In 1476 werd het klooster opgeheven, omdat het grote geldschulden had. De kloosterboerderij bleef wel bestaan. Na het beleg van Groningen ging het deel uitmaken van de Republiek. Het gereformeerde geloof werd ingevoerd en hoewel er godsdienstvrijheid was beloofd, werden kloosters afgebroken, eigendommen onteigend, en gelovigen vervolgd en vermoord.
De Ripperda’s in Oosterwijtwerd
In de Mariakerk is nog steeds te zien dat een tak van het geslacht Ripperda in Oosterwijtwerd verbleef. Deze Ripperda’s hadden veel invloed in de gemeenschap en dat is terug te zien in de zeventiende-eeuwse herenbank met het wapen, de preekstoel, de rouwborden en de stenen gedenkplaat. In de grafkelder van de kerk, in één kist verzameld, liggen zelfs vier leden van deze familie.

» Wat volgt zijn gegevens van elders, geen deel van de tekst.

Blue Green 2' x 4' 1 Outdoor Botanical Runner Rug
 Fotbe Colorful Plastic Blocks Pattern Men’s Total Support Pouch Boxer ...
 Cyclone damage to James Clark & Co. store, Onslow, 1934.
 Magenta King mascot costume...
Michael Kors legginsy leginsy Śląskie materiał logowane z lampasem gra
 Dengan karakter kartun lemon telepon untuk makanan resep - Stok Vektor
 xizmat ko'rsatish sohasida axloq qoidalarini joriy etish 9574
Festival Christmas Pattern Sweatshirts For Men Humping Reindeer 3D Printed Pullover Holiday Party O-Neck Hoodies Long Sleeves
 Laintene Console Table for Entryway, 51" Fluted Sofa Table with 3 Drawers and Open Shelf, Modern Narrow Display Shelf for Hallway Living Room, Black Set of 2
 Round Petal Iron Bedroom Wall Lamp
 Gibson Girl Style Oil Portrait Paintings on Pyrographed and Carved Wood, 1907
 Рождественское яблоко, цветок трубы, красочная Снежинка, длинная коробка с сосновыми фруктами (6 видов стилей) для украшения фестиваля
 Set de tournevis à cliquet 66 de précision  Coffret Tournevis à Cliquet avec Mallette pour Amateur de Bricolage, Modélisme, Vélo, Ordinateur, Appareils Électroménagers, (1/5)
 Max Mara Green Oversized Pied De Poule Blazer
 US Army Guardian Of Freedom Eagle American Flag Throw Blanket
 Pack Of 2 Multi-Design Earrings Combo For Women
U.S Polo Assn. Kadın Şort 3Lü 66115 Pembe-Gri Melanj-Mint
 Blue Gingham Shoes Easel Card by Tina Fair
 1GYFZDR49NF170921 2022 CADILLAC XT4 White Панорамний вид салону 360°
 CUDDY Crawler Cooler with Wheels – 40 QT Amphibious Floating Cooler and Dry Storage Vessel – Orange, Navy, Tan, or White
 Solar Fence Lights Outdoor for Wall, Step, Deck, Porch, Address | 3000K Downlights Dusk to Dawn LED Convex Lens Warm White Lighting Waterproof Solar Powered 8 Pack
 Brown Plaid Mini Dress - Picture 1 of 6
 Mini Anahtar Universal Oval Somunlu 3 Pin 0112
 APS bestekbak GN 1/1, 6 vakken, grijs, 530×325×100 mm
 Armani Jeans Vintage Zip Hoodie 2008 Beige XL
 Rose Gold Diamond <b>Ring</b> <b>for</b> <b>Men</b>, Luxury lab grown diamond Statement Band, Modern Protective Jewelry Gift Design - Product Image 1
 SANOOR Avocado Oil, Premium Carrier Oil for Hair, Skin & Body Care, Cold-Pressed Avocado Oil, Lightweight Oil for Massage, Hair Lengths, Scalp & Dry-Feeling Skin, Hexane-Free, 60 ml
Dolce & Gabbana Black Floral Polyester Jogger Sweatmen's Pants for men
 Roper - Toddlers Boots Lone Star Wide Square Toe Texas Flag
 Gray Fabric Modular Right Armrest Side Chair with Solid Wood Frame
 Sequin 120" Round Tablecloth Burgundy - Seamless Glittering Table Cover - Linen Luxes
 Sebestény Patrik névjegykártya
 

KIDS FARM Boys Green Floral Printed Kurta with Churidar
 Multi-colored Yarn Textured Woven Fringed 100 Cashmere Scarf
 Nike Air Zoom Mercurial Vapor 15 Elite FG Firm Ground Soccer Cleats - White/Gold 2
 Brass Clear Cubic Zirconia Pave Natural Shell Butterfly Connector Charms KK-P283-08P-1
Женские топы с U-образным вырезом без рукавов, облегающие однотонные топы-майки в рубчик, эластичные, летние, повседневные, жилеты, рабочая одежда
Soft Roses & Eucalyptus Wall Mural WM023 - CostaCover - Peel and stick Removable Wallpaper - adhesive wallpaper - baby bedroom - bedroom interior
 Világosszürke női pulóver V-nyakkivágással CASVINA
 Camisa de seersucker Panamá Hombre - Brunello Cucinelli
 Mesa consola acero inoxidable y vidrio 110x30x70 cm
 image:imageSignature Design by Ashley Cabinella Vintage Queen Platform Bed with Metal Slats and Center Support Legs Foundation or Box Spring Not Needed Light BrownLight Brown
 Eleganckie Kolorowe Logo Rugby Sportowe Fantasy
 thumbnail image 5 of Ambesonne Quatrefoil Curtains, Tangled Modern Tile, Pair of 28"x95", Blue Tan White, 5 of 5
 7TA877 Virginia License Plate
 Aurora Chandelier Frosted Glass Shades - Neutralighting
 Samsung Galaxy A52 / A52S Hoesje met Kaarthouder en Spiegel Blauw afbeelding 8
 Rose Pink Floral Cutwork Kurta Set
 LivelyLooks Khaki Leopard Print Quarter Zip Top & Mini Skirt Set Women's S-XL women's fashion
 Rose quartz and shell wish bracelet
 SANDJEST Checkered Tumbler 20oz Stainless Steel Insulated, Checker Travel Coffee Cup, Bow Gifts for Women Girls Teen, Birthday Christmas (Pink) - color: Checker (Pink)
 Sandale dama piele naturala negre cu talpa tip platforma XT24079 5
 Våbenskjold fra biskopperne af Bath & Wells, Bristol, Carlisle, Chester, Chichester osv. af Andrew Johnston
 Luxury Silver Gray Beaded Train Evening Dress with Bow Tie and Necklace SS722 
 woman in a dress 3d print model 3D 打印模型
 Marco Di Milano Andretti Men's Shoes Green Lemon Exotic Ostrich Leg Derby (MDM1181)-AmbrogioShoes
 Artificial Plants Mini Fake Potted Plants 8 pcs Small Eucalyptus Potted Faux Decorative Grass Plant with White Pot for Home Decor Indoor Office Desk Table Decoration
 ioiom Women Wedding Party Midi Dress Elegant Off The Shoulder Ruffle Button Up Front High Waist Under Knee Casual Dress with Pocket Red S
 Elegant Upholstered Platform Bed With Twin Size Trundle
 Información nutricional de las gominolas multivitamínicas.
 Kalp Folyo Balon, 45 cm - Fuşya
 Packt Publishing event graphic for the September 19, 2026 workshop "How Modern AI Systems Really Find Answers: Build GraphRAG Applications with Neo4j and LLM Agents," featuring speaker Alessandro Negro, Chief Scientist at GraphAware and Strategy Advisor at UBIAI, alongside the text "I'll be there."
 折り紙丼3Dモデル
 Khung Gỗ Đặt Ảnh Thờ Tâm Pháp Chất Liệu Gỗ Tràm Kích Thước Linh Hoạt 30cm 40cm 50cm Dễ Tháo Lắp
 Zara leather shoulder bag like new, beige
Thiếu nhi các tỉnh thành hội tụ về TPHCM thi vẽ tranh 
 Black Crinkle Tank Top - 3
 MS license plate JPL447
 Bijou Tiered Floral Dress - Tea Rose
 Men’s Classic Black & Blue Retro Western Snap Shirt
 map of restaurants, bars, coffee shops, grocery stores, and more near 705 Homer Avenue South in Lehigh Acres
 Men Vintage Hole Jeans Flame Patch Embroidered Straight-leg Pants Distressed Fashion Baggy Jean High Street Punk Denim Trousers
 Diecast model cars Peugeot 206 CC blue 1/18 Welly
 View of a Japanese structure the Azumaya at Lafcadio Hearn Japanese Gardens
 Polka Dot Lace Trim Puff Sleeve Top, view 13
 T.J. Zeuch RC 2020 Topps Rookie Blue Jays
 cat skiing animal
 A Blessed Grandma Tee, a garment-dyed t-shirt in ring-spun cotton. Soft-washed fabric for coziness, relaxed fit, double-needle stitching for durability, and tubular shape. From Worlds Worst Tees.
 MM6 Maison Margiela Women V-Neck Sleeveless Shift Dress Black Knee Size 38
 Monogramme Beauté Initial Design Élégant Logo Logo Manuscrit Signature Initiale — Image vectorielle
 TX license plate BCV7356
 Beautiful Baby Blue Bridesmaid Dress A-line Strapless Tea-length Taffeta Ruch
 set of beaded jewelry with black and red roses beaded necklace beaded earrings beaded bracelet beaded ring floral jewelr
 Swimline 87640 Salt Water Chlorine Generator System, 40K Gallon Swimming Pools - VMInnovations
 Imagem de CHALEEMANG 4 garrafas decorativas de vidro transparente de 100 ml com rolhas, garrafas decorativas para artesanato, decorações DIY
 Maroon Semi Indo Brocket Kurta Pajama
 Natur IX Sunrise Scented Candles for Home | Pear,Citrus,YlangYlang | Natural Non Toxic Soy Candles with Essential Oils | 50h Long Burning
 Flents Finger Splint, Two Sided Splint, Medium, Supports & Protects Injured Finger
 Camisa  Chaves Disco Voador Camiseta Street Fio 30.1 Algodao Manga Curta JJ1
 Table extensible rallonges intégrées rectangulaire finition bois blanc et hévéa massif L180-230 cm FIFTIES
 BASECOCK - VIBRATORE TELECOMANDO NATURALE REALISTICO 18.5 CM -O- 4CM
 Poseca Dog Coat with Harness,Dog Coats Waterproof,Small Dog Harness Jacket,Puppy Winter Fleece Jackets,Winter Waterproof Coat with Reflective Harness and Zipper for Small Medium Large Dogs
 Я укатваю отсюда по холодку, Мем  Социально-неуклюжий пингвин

Daarnaast stond tot het einde van de achttiende eeuw de Ripperdaborg achter de huidige Ripperdaweg in Oosterwijtwerd. Ondanks dat het een andere tak van de familie betreft dan die van Johan Willem Ripperda, het hoofdpersonage van de vorige voorstelling, is de invloed van de Ripperda’s ook in Oosterwijtwerd te merken.